Analysis
The $1.5 Trillion Rocket: Inside the SpaceX IPO Valuation
SpaceX is not a zero-profit company. It posts a $4.9 billion loss because it absorbed xAI; the rocket-and-Starlink business makes money. The $1.75 trillion price is a bet on the future.
2026-06-17
Analysis 2026-06-1701The premise, checked
A common claim about SpaceX is that it makes no money. The headline number behind that claim is real: SpaceX reported a GAAP net loss of $4.94 billion for 2025, and a single quarter, Q1 2026, added another $4.28 billion in losses.[1] Read alone, those figures describe a company burning cash at industrial scale. Read with context, they describe something more specific, and the context changes the conclusion.
02The profit picture and the xAI twist
In February 2026, Elon Musk merged xAI, his artificial-intelligence company, into SpaceX at a combined valuation of $1.25 trillion, with xAI carried at roughly $80 billion.[2] That merger is where the losses live. xAI lost more than $6 billion in 2025 and burned another $2.5 billion in the first quarter of 2026, training models and buying compute.[1] The consolidated entity reports those AI losses on the same statement as the rockets, so a profitable launch-and-internet business and a deeply unprofitable AI business net out to a loss.
The "zero profit" framing is true of the consolidated company and false of the space business inside it. Strip out xAI, and what remains is a launch monopoly and a satellite-internet network that generate real cash.
03The valuation in context
SpaceX filed its S-1 on May 20, 2026, targeting a $1.75 trillion valuation and a raise of about $75 billion, which would rank among the largest public offerings ever attempted.[3] At that price the company would be worth more than the traditional listed U.S. aerospace-and-defense primes combined, a private rocket maker valued above the entire incumbent industry it competes with. A number that size is a claim about the future of launch, satellite internet, and space-based computing, not a multiple of current earnings.
(May 20, 2026)
(driven by xAI)
(~10M subscribers)
04The multiple only works as a bet
Against roughly $11 billion in Starlink revenue plus launch income, $1.75 trillion implies a multiple in the range of 80 times sales, an order of magnitude above what a mature industrial company commands.[4] Measured against the profit the space business actually throws off, the multiple runs into the thousands. By the standards of an established company those numbers are indefensible. They are defensible only as venture pricing applied at trillion-dollar scale: investors are paying for Starship reaching routine flight, Starlink compounding its subscriber base, and a plausible monopoly on heavy launch for a decade.
For comparison, the most richly valued large public companies trade at perhaps 10 to 30 times sales at the top of a bull market, and they do it with proven, growing profits. SpaceX is asking for several times that on a consolidated statement that currently shows a loss. The gap is the size of the bet. Buyers are not pricing the company that exists; they are pricing the company they expect to exist in 2035, and discounting almost none of the risk that it does not arrive.

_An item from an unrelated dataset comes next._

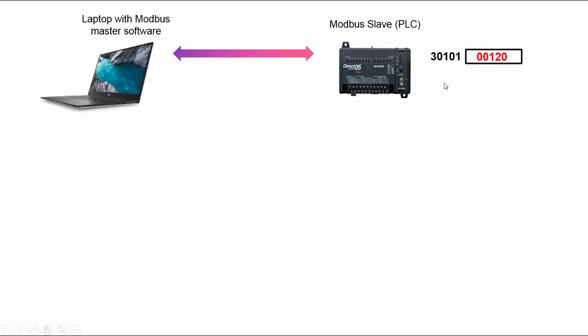Now let's say that this device here has an input register at 30,101 with a value of 120 in it, nothing special about that. If we want to read that value we have to type in 30,101 within the Modbus master software. Now what it'll do when we start running the Modbus master software, it'll send a request to the slave and it'll send this address.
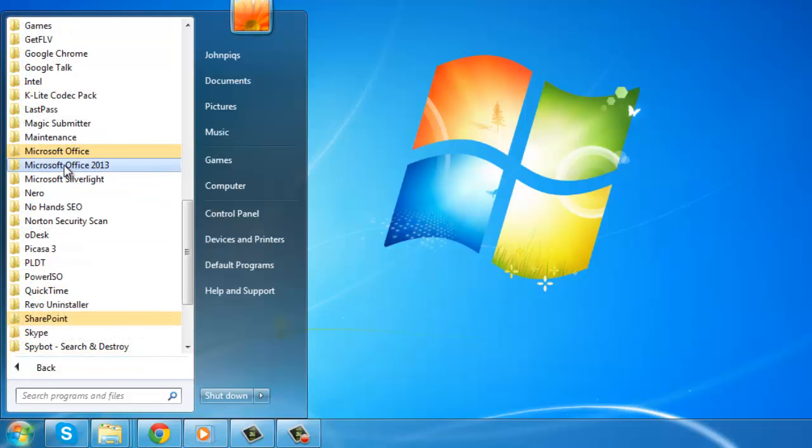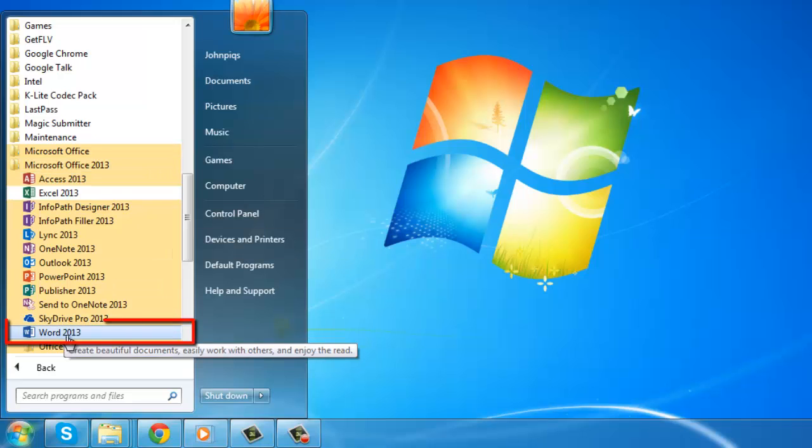It will show you all of the Office 2013 applications installed on your PC. Click on Word 2013.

05What the company actually provides
The case for the price rests on assets that already exist. SpaceX flies the only reusable orbital-class rockets in regular service and launches more mass to orbit than the rest of the world combined, which gives it pricing power over commercial, civil, and military customers who have nowhere comparable to go.[6] Starlink is the largest satellite constellation ever built, serving roughly 10 million subscribers at about $81 a month and generating $11.4 billion in 2025 revenue, a business that did not exist at scale five years ago.[5] Starship, if it reaches routine operation, lowers the cost of putting mass in orbit by another order of magnitude and resets the economics of everything downstream of launch. Those are real, hard-to-replicate advantages, which is why serious investors entertain the number at all rather than dismissing it.
06Bull case, bear case
The bull case is that SpaceX owns the road to orbit during the decade space becomes infrastructure, that Starlink becomes a global utility, and that xAI's losses convert into a defensible AI position with captive launch and power. The bear case is that the $1.75 trillion price front-runs all of that, that xAI is a $6-billion-a-year hole bolted onto a healthy business to flatter one valuation with another, and that a single founder's control concentrates execution risk in one person. Both cases read the same balance sheet. The disagreement is entirely about the future.
07Is the price rational?
The honest answer is that it is rational only on the company's most optimistic timeline. The "no profit" criticism misreads the accounting: the space business earns money, and the loss is an xAI artifact. The valuation criticism lands harder. At $1.75 trillion the offering prices in a future that has not happened yet, and pays in advance for Starship, Starlink saturation, and an AI franchise that is currently a cash sink. For a buyer who believes that future arrives on schedule, the price is a bet worth making. For everyone else, it is a very expensive way to own a very good rocket company.